One solution is to use discordance as an internal validity metric. For example, the discordance metric \(G_{+}\) (Williams and Clifford 1971; Rohlf 1974) depends on the ranks of the dissimilarities, rather than on the dissimilarities themselves, thereby making it a ‘scale-agnostic’. Next, we introduce more formally discordance followed the \(G_{+}\) discordance metric along with our proposed discordance metric, \(H_{+}\).

2.1 Discordance metrics

Discordance can be described using two sets \(A\) and \(B\) by comparing their elements

\[ s=\sum_{a\in A}\sum_{b\in B}1_{[a>b]} \]

This notation can be can extended to the clustering problem for a given data set with \(n\) observations. In the context of the clustering (or identifying predicted class labels), discordance can be conceptualized as measure that assess how well a given predicted class (or cluster) label fits the observed data. A typical clustering algorithm utilizes a dissimilarity matrix \(D(n\times n)\), with \(N_{d}=\binom{n}{2}=n(n-1)/2\) unique pairs which would correspond to the upper diagonal entries of \(D\).

\[ D=\begin{bmatrix}\begin{array}{cccc} d_{11} & d_{12} & \cdots & d_{1n}\\ & d_{22} & \cdots & d_{2n}\\ & & \ddots & \vdots\\ & & & d_{nn} \end{array}\end{bmatrix} \]

When clustering \(n\) observations, one can fix \(D\) and place each of \(n\) cells in one of \(k\) clusters by optimizing some fitness criteria. Cluster fitness relates to how well a set of predicted cluster labels \(L=[l_{1},\dots,l_{n}:l_{i}=1\dots,k]\) explain the observed data, for example, using the sum of within-cluster dissimilarities. In this case, for fixed \(L\), we can generate an adjacency matrix that tells us whether each observation has the same label (i.e., falls in the same cluster)

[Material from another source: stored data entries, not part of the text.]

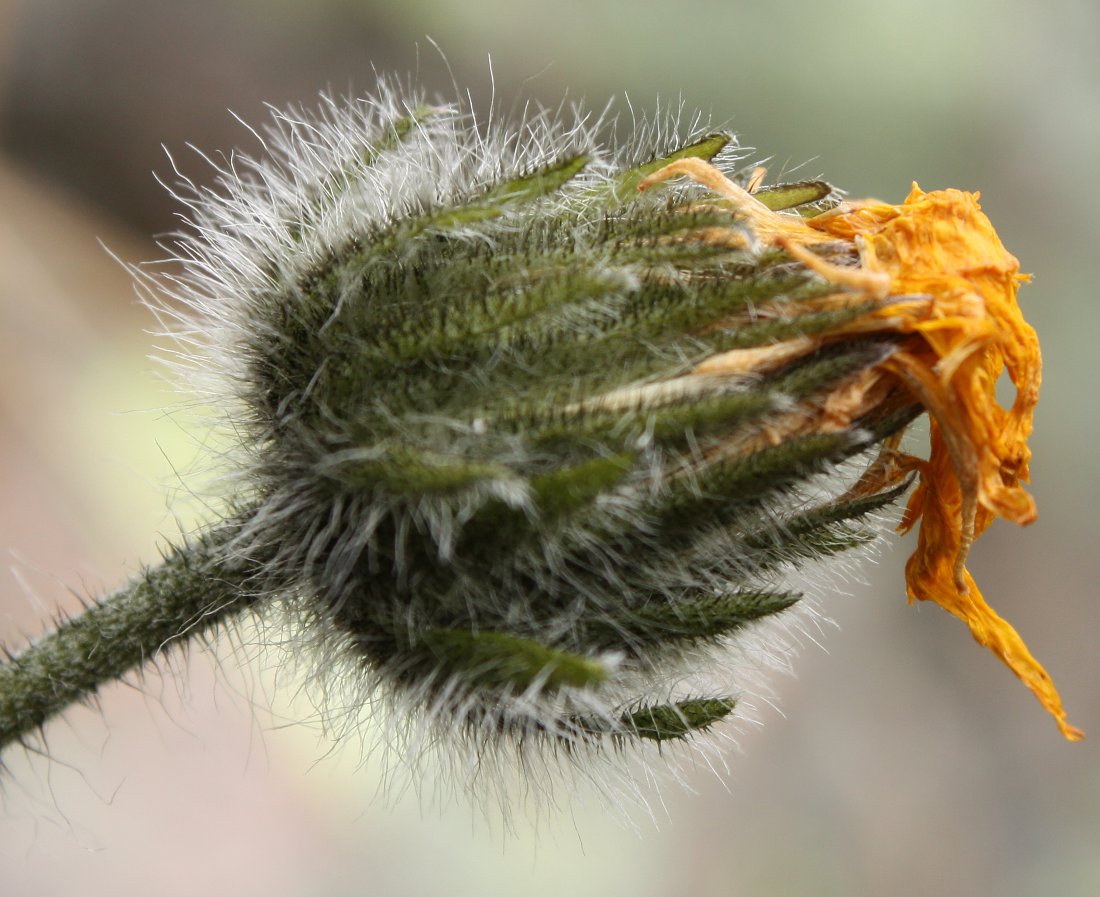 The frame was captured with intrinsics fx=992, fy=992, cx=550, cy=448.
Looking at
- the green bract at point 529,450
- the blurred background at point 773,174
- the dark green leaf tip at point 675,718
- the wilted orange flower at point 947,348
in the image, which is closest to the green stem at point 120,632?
the green bract at point 529,450

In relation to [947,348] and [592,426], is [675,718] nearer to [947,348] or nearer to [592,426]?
[592,426]

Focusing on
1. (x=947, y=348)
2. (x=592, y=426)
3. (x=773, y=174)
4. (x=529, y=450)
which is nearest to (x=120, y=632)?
(x=529, y=450)

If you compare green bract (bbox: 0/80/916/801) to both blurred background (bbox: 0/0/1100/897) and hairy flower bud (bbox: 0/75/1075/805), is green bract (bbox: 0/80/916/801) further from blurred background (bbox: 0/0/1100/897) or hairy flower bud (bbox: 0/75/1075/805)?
blurred background (bbox: 0/0/1100/897)

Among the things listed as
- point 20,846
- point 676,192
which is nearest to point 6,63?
point 20,846

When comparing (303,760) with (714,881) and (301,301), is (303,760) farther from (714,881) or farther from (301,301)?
(301,301)

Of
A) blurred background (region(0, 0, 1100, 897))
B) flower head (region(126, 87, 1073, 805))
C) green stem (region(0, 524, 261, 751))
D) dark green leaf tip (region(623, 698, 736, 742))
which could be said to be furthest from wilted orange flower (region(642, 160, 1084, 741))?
blurred background (region(0, 0, 1100, 897)) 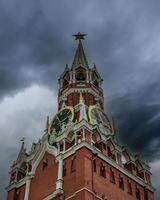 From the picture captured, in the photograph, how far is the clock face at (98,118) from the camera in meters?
40.2

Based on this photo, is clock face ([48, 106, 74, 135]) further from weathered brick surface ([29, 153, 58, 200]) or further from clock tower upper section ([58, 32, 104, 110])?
weathered brick surface ([29, 153, 58, 200])

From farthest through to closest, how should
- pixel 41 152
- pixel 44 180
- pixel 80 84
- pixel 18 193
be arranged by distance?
pixel 80 84 < pixel 41 152 < pixel 18 193 < pixel 44 180

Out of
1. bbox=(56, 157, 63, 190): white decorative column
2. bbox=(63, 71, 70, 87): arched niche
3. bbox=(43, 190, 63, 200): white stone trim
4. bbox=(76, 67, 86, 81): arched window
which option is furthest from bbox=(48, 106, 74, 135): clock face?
bbox=(43, 190, 63, 200): white stone trim

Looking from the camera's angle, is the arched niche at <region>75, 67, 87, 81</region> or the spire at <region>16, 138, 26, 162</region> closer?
the spire at <region>16, 138, 26, 162</region>

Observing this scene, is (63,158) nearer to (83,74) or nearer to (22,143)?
(22,143)

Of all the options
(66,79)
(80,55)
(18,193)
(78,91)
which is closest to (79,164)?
(18,193)

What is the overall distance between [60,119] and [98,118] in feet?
12.9

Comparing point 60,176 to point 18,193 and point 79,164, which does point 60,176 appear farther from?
point 18,193

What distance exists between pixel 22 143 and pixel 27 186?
7.77 m

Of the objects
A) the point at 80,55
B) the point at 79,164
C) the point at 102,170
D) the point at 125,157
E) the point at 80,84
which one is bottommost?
the point at 79,164

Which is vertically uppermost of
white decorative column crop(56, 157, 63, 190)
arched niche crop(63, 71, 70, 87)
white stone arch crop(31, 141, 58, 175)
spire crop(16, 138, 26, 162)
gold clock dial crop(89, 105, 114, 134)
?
arched niche crop(63, 71, 70, 87)

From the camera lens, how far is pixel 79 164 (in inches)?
1296

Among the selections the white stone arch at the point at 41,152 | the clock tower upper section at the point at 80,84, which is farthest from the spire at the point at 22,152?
the clock tower upper section at the point at 80,84

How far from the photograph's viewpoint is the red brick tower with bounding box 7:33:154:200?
32812 millimetres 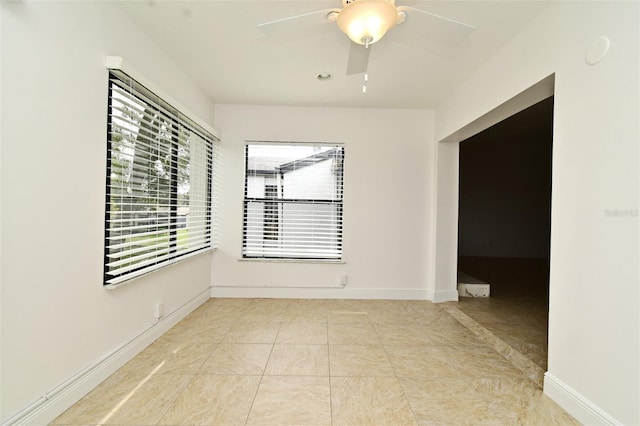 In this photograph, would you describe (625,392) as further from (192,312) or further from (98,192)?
(192,312)

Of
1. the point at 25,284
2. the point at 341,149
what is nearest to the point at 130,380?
the point at 25,284

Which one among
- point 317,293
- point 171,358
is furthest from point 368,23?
point 317,293

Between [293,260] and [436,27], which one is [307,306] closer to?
[293,260]

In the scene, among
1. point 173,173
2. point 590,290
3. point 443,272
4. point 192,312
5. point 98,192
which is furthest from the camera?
point 443,272

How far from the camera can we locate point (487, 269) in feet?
18.5

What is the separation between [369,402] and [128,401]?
4.70 feet

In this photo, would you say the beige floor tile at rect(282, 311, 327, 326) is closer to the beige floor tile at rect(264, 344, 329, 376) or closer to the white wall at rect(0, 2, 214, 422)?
the beige floor tile at rect(264, 344, 329, 376)

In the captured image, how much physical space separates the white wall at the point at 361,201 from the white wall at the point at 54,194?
168 centimetres

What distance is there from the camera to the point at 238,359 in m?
2.20

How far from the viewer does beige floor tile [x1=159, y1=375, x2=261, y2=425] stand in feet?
5.15

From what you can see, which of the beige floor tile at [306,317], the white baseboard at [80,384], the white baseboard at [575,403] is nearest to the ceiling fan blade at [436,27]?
the white baseboard at [575,403]

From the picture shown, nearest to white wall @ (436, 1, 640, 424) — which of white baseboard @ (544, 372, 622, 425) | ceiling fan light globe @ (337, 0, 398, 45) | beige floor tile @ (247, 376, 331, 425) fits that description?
white baseboard @ (544, 372, 622, 425)

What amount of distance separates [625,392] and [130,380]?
275 cm

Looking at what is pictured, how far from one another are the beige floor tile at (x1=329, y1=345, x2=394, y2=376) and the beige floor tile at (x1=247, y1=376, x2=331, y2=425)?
20cm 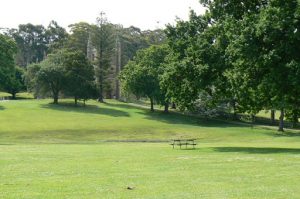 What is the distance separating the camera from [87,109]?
3214 inches

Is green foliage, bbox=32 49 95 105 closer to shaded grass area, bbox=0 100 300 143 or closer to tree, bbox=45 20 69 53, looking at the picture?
shaded grass area, bbox=0 100 300 143

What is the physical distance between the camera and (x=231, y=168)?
18.9m

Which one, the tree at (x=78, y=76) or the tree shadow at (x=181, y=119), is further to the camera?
the tree at (x=78, y=76)

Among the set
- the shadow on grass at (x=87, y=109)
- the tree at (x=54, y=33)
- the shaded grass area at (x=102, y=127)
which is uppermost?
the tree at (x=54, y=33)

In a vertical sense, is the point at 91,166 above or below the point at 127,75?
below

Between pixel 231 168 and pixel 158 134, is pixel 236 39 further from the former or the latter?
pixel 158 134

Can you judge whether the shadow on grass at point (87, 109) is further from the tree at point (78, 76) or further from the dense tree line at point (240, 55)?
the dense tree line at point (240, 55)

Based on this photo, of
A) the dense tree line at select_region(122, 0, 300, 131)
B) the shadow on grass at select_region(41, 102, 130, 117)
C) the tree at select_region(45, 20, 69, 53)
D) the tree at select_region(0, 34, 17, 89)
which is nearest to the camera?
the dense tree line at select_region(122, 0, 300, 131)

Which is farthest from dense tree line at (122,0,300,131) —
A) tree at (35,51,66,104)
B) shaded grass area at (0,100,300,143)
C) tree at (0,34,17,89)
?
tree at (35,51,66,104)

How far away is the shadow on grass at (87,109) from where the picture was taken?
77.7m

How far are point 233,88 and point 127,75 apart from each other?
184 ft

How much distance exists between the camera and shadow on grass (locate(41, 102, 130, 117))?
7766 cm

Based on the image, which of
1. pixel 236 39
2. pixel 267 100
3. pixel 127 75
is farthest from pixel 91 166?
pixel 127 75

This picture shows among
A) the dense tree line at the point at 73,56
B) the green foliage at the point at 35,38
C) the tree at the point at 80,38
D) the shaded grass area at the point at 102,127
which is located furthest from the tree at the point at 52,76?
the green foliage at the point at 35,38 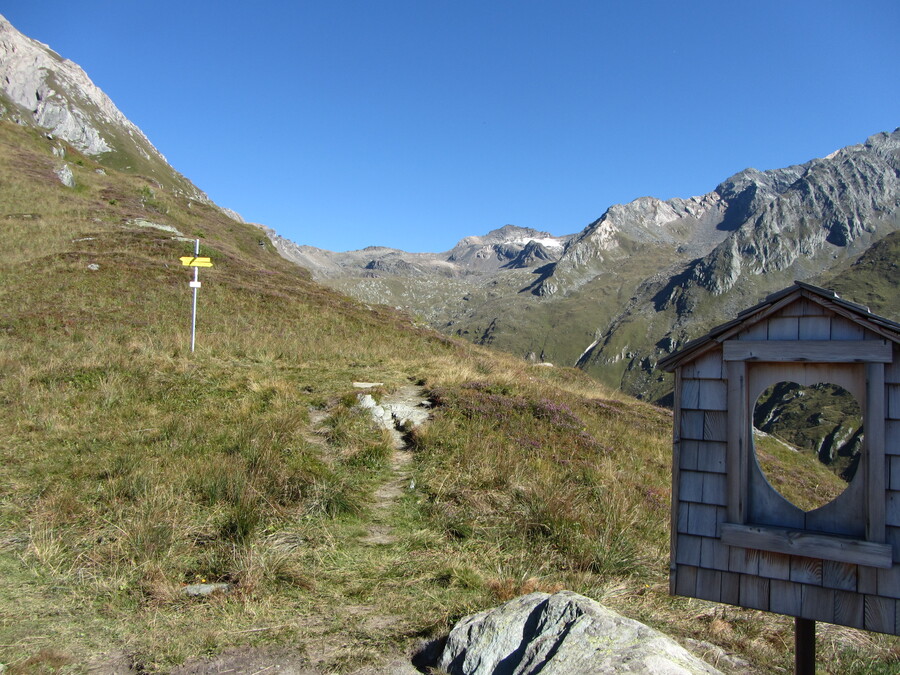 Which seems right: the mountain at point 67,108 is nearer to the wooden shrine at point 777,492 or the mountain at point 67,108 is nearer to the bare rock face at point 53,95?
the bare rock face at point 53,95

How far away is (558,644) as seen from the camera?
13.0 ft

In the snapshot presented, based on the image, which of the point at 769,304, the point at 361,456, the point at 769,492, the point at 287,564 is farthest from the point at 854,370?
the point at 361,456

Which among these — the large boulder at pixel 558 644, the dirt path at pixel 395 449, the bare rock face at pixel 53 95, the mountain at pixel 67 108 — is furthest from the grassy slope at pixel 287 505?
A: the bare rock face at pixel 53 95

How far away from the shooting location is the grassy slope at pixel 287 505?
16.2 feet

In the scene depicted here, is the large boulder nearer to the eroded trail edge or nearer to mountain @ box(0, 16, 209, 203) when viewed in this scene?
the eroded trail edge

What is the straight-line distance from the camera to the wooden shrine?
13.6 ft

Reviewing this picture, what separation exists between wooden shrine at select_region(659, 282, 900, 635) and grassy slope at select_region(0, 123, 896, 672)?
87cm

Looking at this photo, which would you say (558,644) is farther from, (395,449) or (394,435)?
(394,435)

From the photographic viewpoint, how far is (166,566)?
18.5ft

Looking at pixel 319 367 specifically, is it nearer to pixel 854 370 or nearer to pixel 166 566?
pixel 166 566

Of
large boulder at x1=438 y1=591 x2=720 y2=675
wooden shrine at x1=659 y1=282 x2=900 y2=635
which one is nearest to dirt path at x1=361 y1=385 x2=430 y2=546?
large boulder at x1=438 y1=591 x2=720 y2=675

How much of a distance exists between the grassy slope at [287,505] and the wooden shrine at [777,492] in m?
0.87

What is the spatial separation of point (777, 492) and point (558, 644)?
2.07m

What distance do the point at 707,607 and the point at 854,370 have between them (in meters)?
2.84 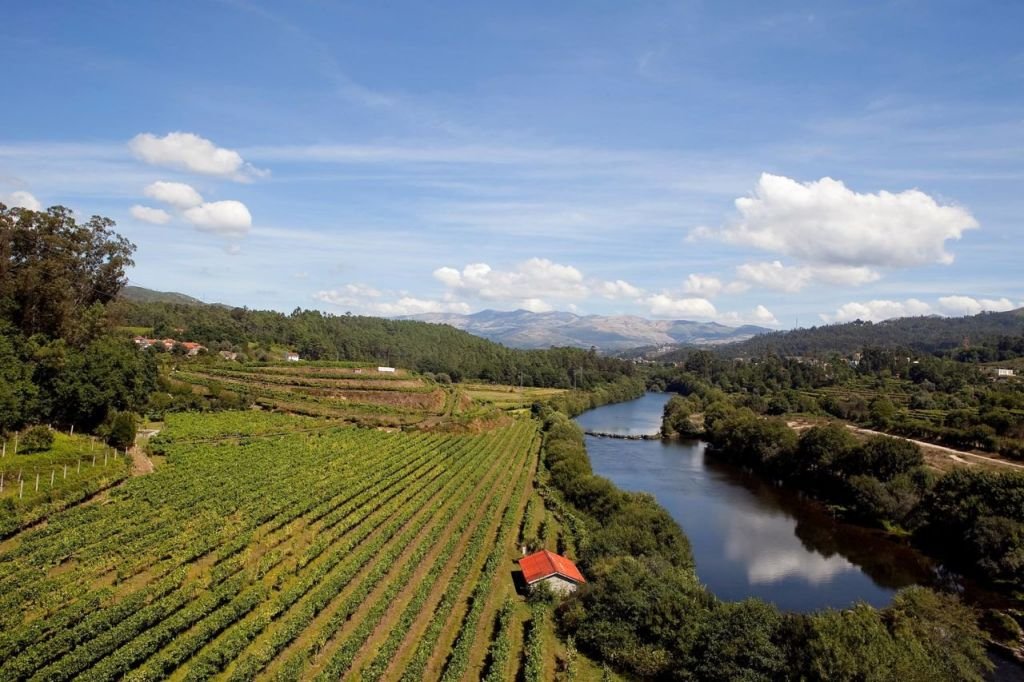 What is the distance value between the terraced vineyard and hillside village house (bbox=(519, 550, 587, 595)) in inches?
61.9

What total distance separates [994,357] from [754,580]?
558 feet

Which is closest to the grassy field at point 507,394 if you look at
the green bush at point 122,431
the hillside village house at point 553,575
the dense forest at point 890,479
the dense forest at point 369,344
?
the dense forest at point 369,344

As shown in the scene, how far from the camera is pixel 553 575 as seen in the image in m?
32.2

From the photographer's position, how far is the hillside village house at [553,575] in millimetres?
32125

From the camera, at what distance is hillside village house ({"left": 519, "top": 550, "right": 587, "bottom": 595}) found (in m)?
32.1

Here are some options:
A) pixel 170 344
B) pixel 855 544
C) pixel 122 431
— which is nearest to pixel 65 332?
pixel 122 431

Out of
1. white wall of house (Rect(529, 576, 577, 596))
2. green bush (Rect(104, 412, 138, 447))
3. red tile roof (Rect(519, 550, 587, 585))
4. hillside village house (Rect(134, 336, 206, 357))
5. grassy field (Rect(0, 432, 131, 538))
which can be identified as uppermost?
hillside village house (Rect(134, 336, 206, 357))

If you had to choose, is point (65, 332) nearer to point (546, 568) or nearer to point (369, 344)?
point (546, 568)

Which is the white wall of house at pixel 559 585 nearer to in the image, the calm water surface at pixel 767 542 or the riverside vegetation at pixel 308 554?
the riverside vegetation at pixel 308 554

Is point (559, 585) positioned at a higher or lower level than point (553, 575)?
lower

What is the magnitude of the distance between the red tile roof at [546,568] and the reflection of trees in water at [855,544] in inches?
935

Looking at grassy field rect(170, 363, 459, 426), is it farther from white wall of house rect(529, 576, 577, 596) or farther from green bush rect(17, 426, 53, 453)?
white wall of house rect(529, 576, 577, 596)

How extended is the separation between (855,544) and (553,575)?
3109 centimetres

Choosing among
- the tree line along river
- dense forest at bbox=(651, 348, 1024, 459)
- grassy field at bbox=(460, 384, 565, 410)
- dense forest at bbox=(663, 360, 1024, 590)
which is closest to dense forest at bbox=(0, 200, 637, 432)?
the tree line along river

\[ A=\begin{bmatrix}\begin{array}{cccc} a_{11} & a_{12} & \cdots & a_{1n}\\ & a_{22} & \cdots & a_{2n}\\ & & \ddots & \vdots\\ & & & a_{nn} \end{array}\end{bmatrix}\hspace{1em}a_{ij}=\begin{array}{cc} 1 & \mathrm{if}\enspace l_{i}=l_{j}\\ 0 & \mathrm{otherwise} \end{array} \]

In terms of our notation, \(s\) can be written as

\[ s=\sum_{i=2}^{n}\sum_{j<i}1_{[a_{ij}=1]}\sum_{k=2}^{n}\sum_{l<k}1_{[a_{kl}=0]}1_{[d_{ij}>d_{kl}]} \]

2.1.1 \(G_{+}\) discordance metric

Previous work includes the \(G_{+}\) discordance metric (Williams and Clifford 1971; Rohlf 1974) currently available in R in the clusterCrit package (Desgraupes and Desgraupes 2018), where \(s\) is scaled by \(N_{d}(N_{d}-1)/2={N_{d} \choose 2}\), the total number of ways to compare each unique distance to every other.

\[ G_{+}=\frac{s}{N_{d}(N_{d}-1)/2} \]

Generally, \(G_{+}\) close to zero represents two concordant sets, while a larger \(G_{+}\) is more discordant.

Applications of \(G_{+}\) The discordance metric \(G_{+}\) can be used to quantify the cluster fitness for given a dissimilarity matrix \(D\) and predicted cluster label \(L\). For example, if \(D\) is fixed, lower values of \(G_{+}\) among many sets of labels \(L_{1}, L_{2} \dots\) indicate increased cluster fitness or better performance. If we instead fix \(L\), we can also use \(G_{+}\) to assess the fitness of multiple dissimilarity matrices \(D_{1}, D_{2}\dots\) (Rohlf 1974).

Because \(G_{+}\) depends on the relative rankings of pairwise distances, this transformation enables a robust comparison of dissimilarity measures by the structure they impose on the data rather than by the exact values of the distances themselves. This allows us to evaluate distances at highly varying scales without imposing bias with regard to the expected magnitude of distances. In other words, discordance metrics such as \(G_{+}\) offers a ‘scale-agnostic’ means to assess cluster fitness.

Problems with \(G_{+}\)

  1. \(G_{+}\) is slow to calculate for large data (due to the number of pairwise comparisons of dissimilarities in \(s\)).
  2. \(G_{+}\) varies as a function of the proportion of observations in the predicted cluster labels (referred to as group or cluster balance), which is an undesirable property. For example, when simulating ‘null’ data (random Gaussian data with no mean difference between two groups) where we expect no differences between groups, the expected mean (and the interpretation) of the \(G_{+}\) discordance metric in a ‘null’ analysis varies depending on the proportion of observations in each group. Specifically, as \(\frac{N_{d}}{N_{d}-1} \to 1\), \(G_{+}\) is a biased by a factor of \(2\alpha(1-\alpha)\) where \(\alpha\) is the proportion of \(N_d\) distances that are within-cluster (Figure 1).
[**Figure 1**: The $G_{+}$ discordance metric is biased as function of the proportion of within-cluster distances, which is a function of the group balance.]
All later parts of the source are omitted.